Climate activist Nivi Achanta believes we're craving hopeful stories after years of dystopian warnings. From "Barbie" to "Ted Lasso," utopian fiction is helping people imagine better futures worth building.

Remember crying during "Barbie" and not quite knowing why? Climate activist and novelist Nivi Achanta says it wasn't just America Ferrera's monologue that got you.

It was seeing a world where women hold Supreme Court majorities, walk safely through their neighborhoods, and dance with friends without fear. Barbie World offered something rare: a glimpse of a better future that feels almost within reach.

Achanta, CEO of Soapbox Project, has worked with Google, Facebook, and The Bill & Melinda Gates Foundation on social impact initiatives. Now she leads "Dream Sessions" where people practice imagining what 100 years from now could look like.

As someone who reads over 100 books a year, she's noticed a shift. People are hungry for utopian fiction after decades of dystopian warnings.

"I think dystopia needs to die," Achanta told Good Good Good. "We are past the point where we need warnings. What we need are pathways forward."

She points to "Black Panther," where Black and African viewers see autonomous communities thriving in harmony with nature and innovation. "Project Hail Mary" shows hope and collaboration in apocalyptic circumstances. Even "Ted Lasso" works because, as Achanta says, "the one big speculative aspect of that show is healthy masculinity."

Why utopian fiction like 'Ted Lasso' gives us hope

These stories reflect something deeper. Activist adrienne maree brown argues that our current social systems were imagined into being, which means better ones can be imagined too.

"I believe that all organizing is science fiction, that we are shaping the future we long for and have not yet experienced," brown writes in "Pleasure Activism."

The Soapbox Project hosts concert experiences where attendees answer prompts between musical performances about what a better world could look like.
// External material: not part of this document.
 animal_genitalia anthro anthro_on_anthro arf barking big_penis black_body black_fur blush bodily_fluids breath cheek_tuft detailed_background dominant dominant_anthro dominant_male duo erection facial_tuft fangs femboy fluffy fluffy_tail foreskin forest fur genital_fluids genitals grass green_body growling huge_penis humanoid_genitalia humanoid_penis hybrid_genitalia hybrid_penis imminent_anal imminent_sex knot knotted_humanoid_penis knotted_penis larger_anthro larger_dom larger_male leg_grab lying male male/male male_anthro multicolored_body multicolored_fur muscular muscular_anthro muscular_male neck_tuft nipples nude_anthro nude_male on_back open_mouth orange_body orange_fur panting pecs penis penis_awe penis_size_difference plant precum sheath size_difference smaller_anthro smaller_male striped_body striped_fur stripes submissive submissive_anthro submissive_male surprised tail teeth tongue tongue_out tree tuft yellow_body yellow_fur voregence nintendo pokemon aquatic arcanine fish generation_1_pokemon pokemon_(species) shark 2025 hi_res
Achanta says people struggle with the exercise at first because politicians, billionaires, and fossil fuel lobbies have dominated our collective imagination.

Why This Inspires

Achanta reminds us that imagination is free. Nobody monitors what happens in your own brain. You can dream about anything.

The challenge is practice. After years of consuming fearful narratives, we've forgotten how to envision radical possibilities. But shows like "Bridgerton," which reimagines racial dynamics in Regency London, prove we're ready for stories that show us what's possible instead of just warning us what to avoid.

The stories we create and consume become blueprints for the future we want to build. When we see healthy masculinity, racial equity, or environmental harmony on screen, we're not just entertained. We're practicing belief that these futures can exist.

As philosopher Cornelius Castoriadis taught, the world as we know it came from eruptions of imagination and can be transformed by new ones. What we need now are more people willing to dream something better into being.